- Directions
Write out exactly the lines from the one containing "Бежевый Хонда Цивик, объемом" to the end of the material, both ends included, and nothing else. Leave pictures out.

- Available data
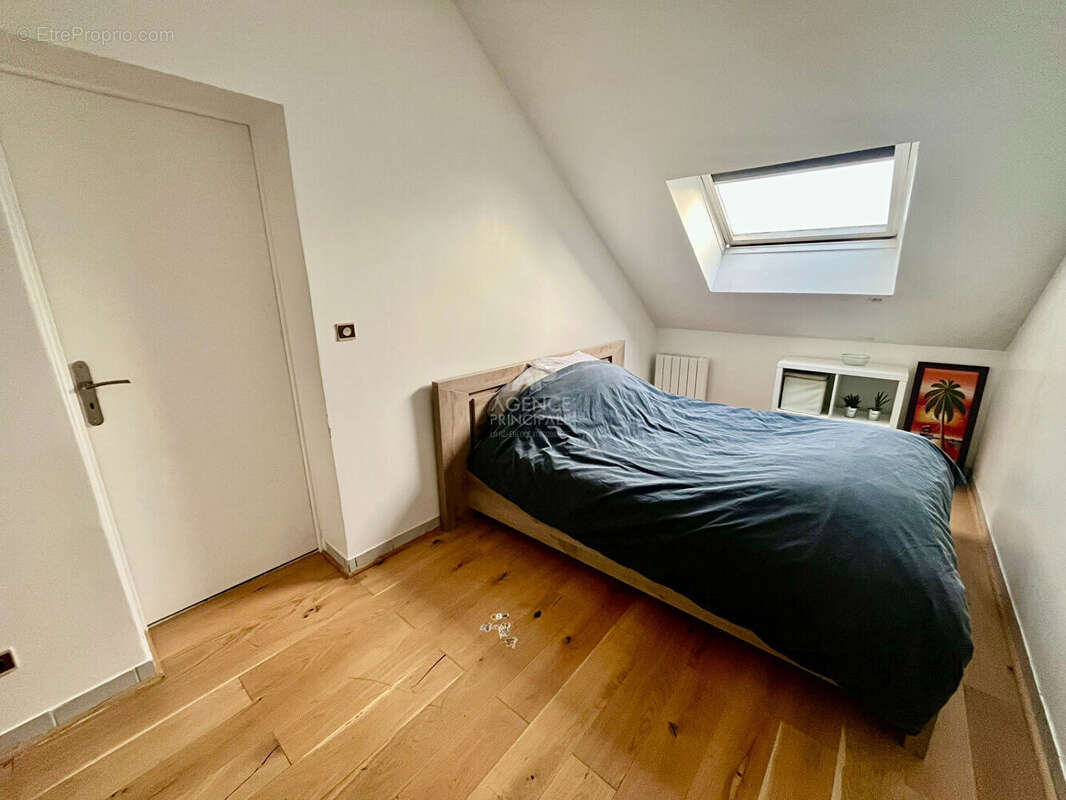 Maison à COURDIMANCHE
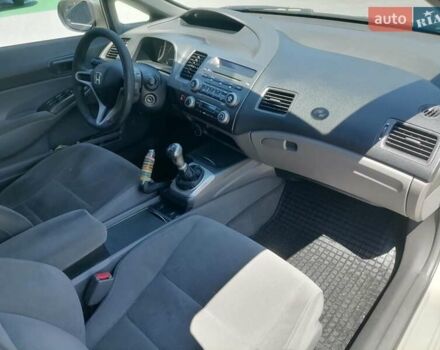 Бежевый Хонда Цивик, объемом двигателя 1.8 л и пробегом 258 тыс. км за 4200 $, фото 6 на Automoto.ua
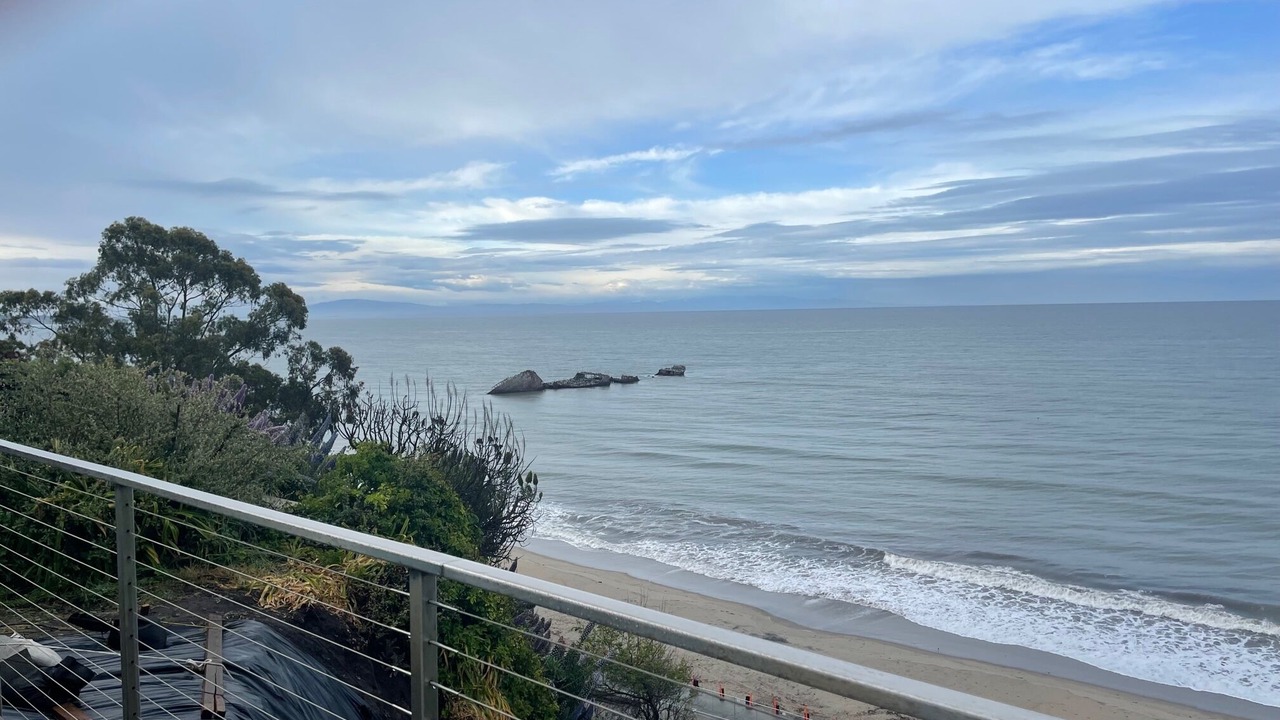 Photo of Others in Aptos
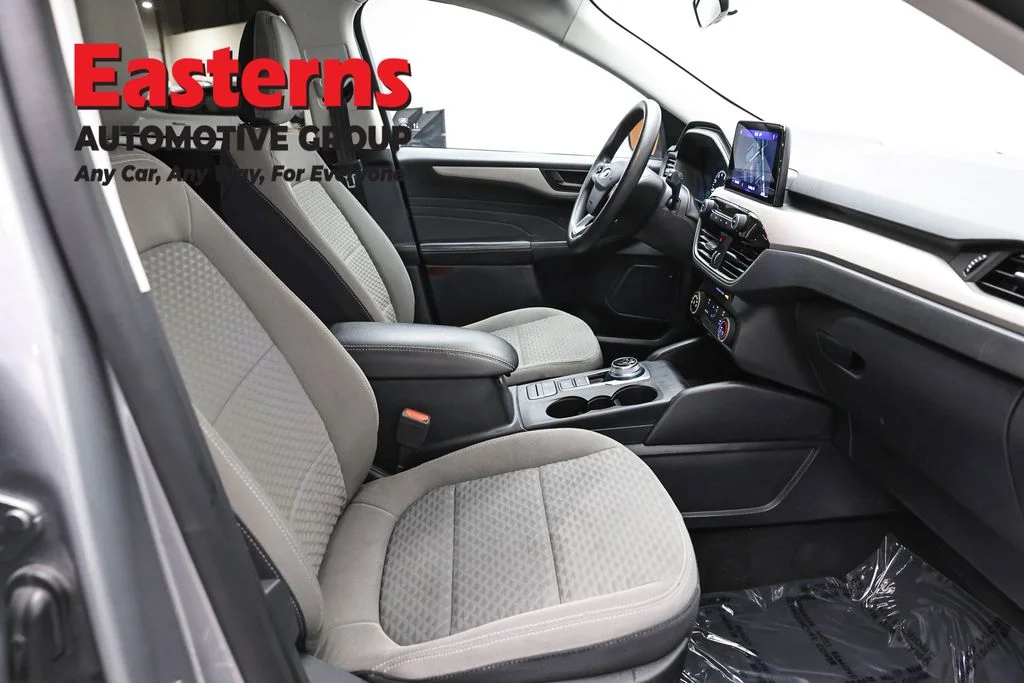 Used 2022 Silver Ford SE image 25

- Solution for this exercise
 Бежевый Хонда Цивик, объемом двигателя 1.8 л и пробегом 258 тыс. км за 4200 $, фото 6 на Automoto.ua
 Photo of Others in Aptos
 Used 2022 Silver Ford SE image 25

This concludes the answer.